> **Exercise objective**
Only the words of the entries are wanted, repeated exactly and without images.

> **Extracted data**
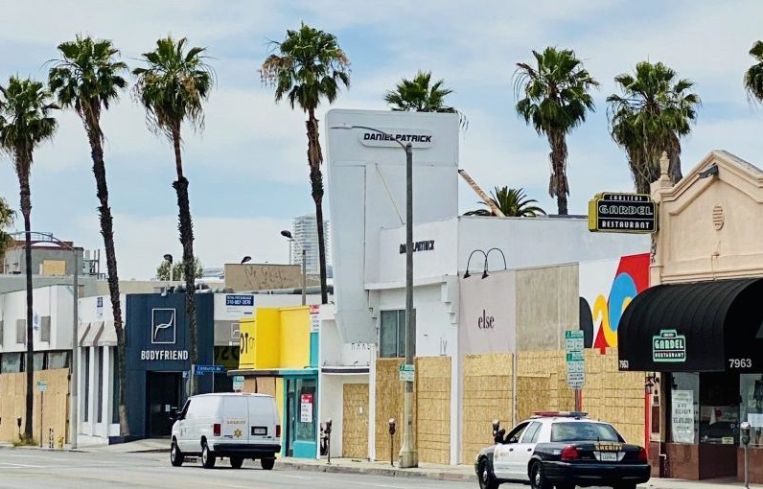 Dozens of stores along Melrose Avenue have been boarded up.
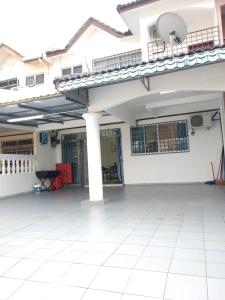 a large white house with a large patio at D'Rusa Homestay in Port Dickson
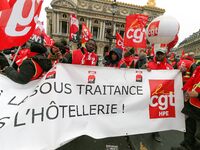 French General Confederation of Labour (CGT) unionists hold a banner reading "no to subcontracting in hotel industry" as they gather in fron...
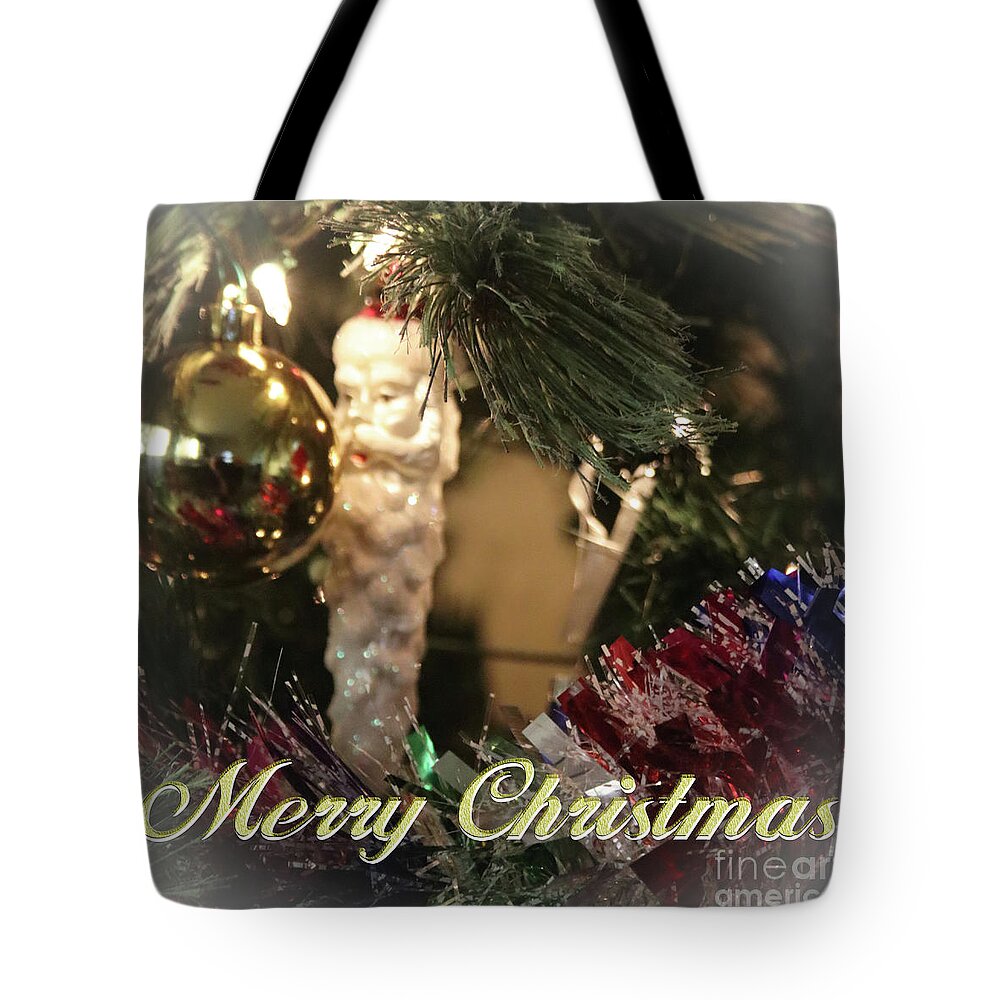 Merry Tote Bag featuring the photograph Handblown glass ornament by Darrell Foster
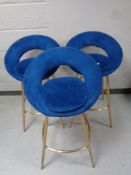 A set of three contemporary bar chairs upholstered in a blue fabric on metal legs
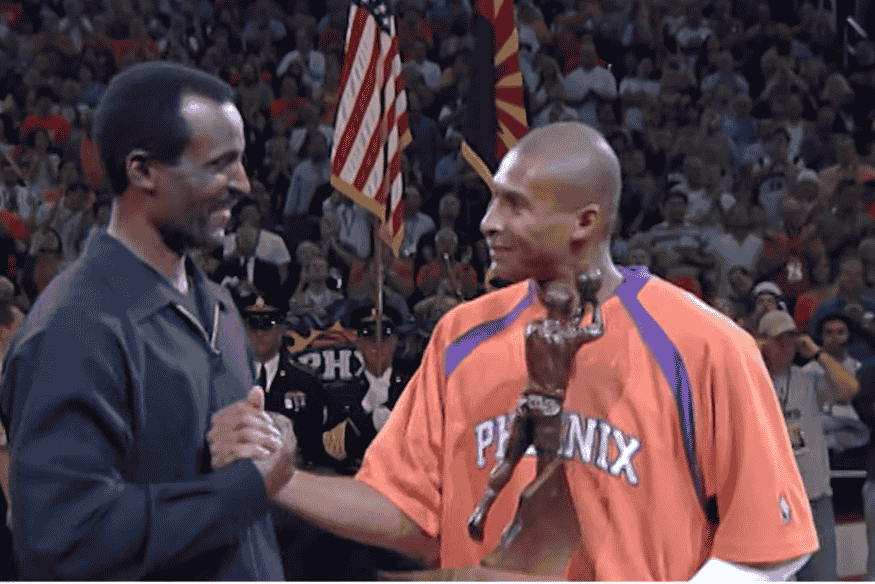 Leandrinho Barbosa segura troféu de prêmio individual da NBA enquanto cumprimenta outro ex-jogador durante cerimônia.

> **Response to this task**
 Dozens of stores along Melrose Avenue have been boarded up.
 a large white house with a large patio at D'Rusa Homestay in Port Dickson
 French General Confederation of Labour (CGT) unionists hold a banner reading "no to subcontracting in hotel industry" as they gather in fron...
 Merry Tote Bag featuring the photograph Handblown glass ornament by Darrell Foster
 A set of three contemporary bar chairs upholstered in a blue fabric on metal legs
 Leandrinho Barbosa segura troféu de prêmio individual da NBA enquanto cumprimenta outro ex-jogador durante cerimônia.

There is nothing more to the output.